Not so Tuesday as the Bulldogs’ high-powered offense showed what it could do.
Freshman Hunter Hines, now a mainstay in the No. 3 spot in the order, led the charge by going 3 for 4 with four RBIs. Two days after reaching the parking lot with a solo shot at Tulane, Hines crushed a laser of a home run over the center field wall in the fourth, bringing home three runs.
Hines also smoked a single into right field for a sixth-inning RBI hit.
“He’s very confident, and he’s really good,” Lemonis said of the Madison Central product. “He’s a really good player. It’s a line drive to center. He can hit it on that parking deck, but when he just tries to stay through the middle of the field, he is special.”
Hines’ homer capped the scoring in the fourth as Mississippi State sent 12 men to the plate in a half-inning that began with the Bulldogs trailing 1-0.
But Von Seibert walked with the bases loaded, and right fielder Kellum Clark smacked a two-run single to right to put MSU on top for good.
Clark was 0 for 16 heading into the Tulane series but has 5 hits in his past 15 at-bats, including one in every game since Friday.
“He started out slow, too, but he’s really talented — we saw it last year,” Lemonis said. “He’s kind of clicking right now, which is nice to see.”

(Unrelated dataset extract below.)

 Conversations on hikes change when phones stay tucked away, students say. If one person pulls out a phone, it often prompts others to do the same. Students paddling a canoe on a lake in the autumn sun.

So is Stinnett after four up-and-down relief appearances to start the season. The former Northwest Mississippi Community College pitcher allowed four runs in 2 1/3 innings in his first two outings, was sharp in four scoreless frames against Grambling and gave up two runs in an ugly ninth inning Saturday against Tulane.
But Stinnett was sharp with his slider and his fastball from the start Tuesday. He struck out the side in order in the first and fourth innings, and the lone run he allowed came after an error on Kamren James at third base.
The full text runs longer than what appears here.